Many people are unaware of the link between smoking and oral health. It harms your oral health and can lead to some of the most common dental problems, such as tooth decay and gum disease. Smoking has also been linked with an increased risk of oral cancer. If you are a smoker, you need to consider these facts and start quitting. However, if you are not able to quit, you should at least practice good oral hygiene habits to keep your teeth and gums healthy. In this blog post, we will take a look at how does smoking cause tooth decay and gum disease and find out how to keep your mouth healthy.
Understanding What Tooth Decay and Gum Disease are
Before we begin to discuss “how does smoking cause tooth decay and gum disease?”, let’s take a look at what both diseases are.
- Tooth decay: it is a bacterial infection of the tooth. The bacteria that cause the problem are mainly Streptococcus mutans and lactobacilli. Tooth decay destroys the tooth enamel. If left untreated, the infection will spread to the inner of the tooth (pulp), causing a dental abscess.
- Gum disease: it is a bacterial infection of the gums. The bacteria responsible for gum disease (gingivitis & periodontitis) are anaerobic bacteria. Gum disease begins with inflammation and redness of the gums, which progresses to swollen gums and bleeding. In more advanced stages, the infection spreads to the supporting tissues of the teeth, causing tooth loss.
How Does Smoking Cause Tooth Decay and Gum Disease?

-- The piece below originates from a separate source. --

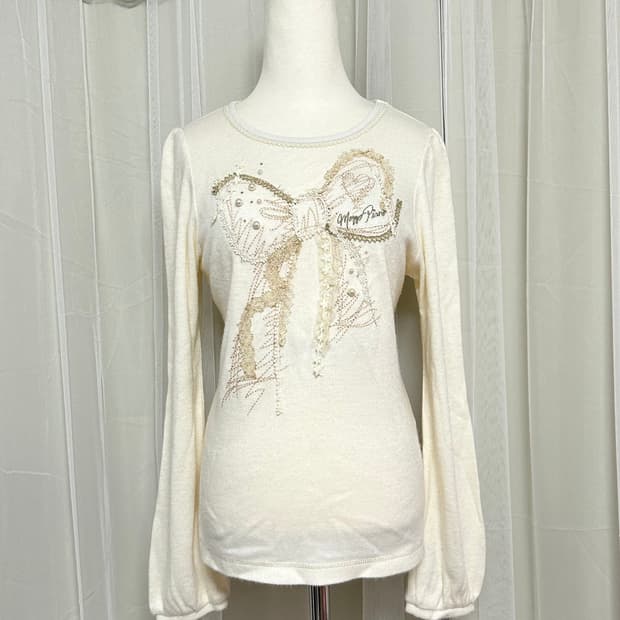 메조피아노 라떼갸루 크림아이보리 진주리본 로걀탑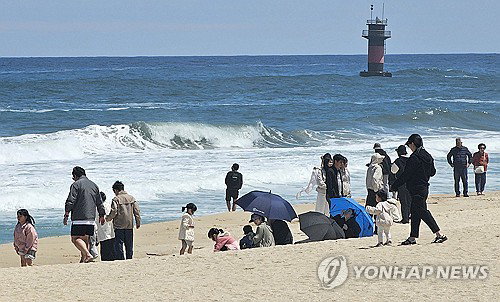유류할증료 급등, 5월 황금연휴 국내 관광지 편의점 매출 2배 이상 급증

Dental plaque is a sticky, colorless film of bacteria that forms on your teeth and gums after eating and drinking. These bacteria decompose the food particles and release acids that attack the tooth enamel and irritate the gums. Plaque bacteria are the primary cause of tooth decay and gum disease.
Smokers have a higher risk of developing oral health problems than non-smokers. Smoking causes tooth decay and gum disease because it increases the plaque build-up in your mouth and does not allow the bacterial acids to wash away. Learn more about tobacco’s effects on smokers teeth and gums. This how does smoking causes tooth decay and gum disease:
- Smoking reduces the flow of saliva in the mouth, which is an important factor for removing bacteria and neutralizing acids produced by them. Saliva also washes away food particles and neutralizes acids from them.
- It weakens your immune system, making it harder for your mouth and body to fight infections.
- Smoking changes the pH level in your mouth, making it less alkaline and more acidic. This destroys the tooth enamel, causing tooth decay.
- Tobacco smoke irritates the gums, causing swelling and redness.
Smoking Can Cause Complications of Tooth Decay and Gum Disease
If you already have gum disease and/or tooth decay, smoking does make them worse and causes complications such as:
- Difficulties in chewing.
- Receding gums.
- Periodontal pockets.
- Teeth sensitivity to hot and cold food and drinks.
- Persistent bad breath.
- Dental abscesses.
- Facial swelling.
- Development of spaces between teeth.
- Loose teeth and eventually tooth loss.
Both smoking and gum disease are linked to serious health problems such as heart disease and strokes. If you are a smoker, make sure to practice good oral hygiene habits to help keep your mouth healthy.
How to Keep Your Mouth Healthy if You’re a Smoker?
If you are a smoker, here are some practical steps you can take to protect your teeth and gums:
- Quit smoking: smoking not only causes tooth decay and gum disease, but it does also increase the risk of cancers, heart diseases, and strokes. So, quitting smoking is the way to keep your mouth and body healthy. If you are not able to quit smoking, try to smoke in moderation.
- Brush your teeth twice a day: clean your teeth and gums regularly with fluoride toothpaste to remove the plaque and food particles.
- Use dental floss: floss at least once a day to prevent the accumulation of food particles between your teeth.
- Eat a healthy diet: eat healthy foods and limit the consumption of sugary foods and drinks.
- Drink lots of water: to keep your mouth moist, neutralize acids, and wash away food particles.
- Visit your dentist: if you have a problem with your teeth or gums, you must visit a dentist for treatment. Also, get regular checkups and professional cleanings at least once every six months.
Does Smoking Cause Tooth Decay & Gum Disease – Conclusion
In conclusion, smoking does cause tooth decay and gum disease. It does so by increasing the plaque bacteria in your mouth, which releases acids that destroy the tooth enamel and irritate the gums. Smoking also slows down saliva production, which is an important factor for removing bacteria and neutralizing acids produced by them. So, if you want to keep your mouth healthy, quit smoking or at least smoke in moderation. Besides, practice good oral hygiene habits and visit your dentist regularly for regular check-ups and professional teeth cleanings.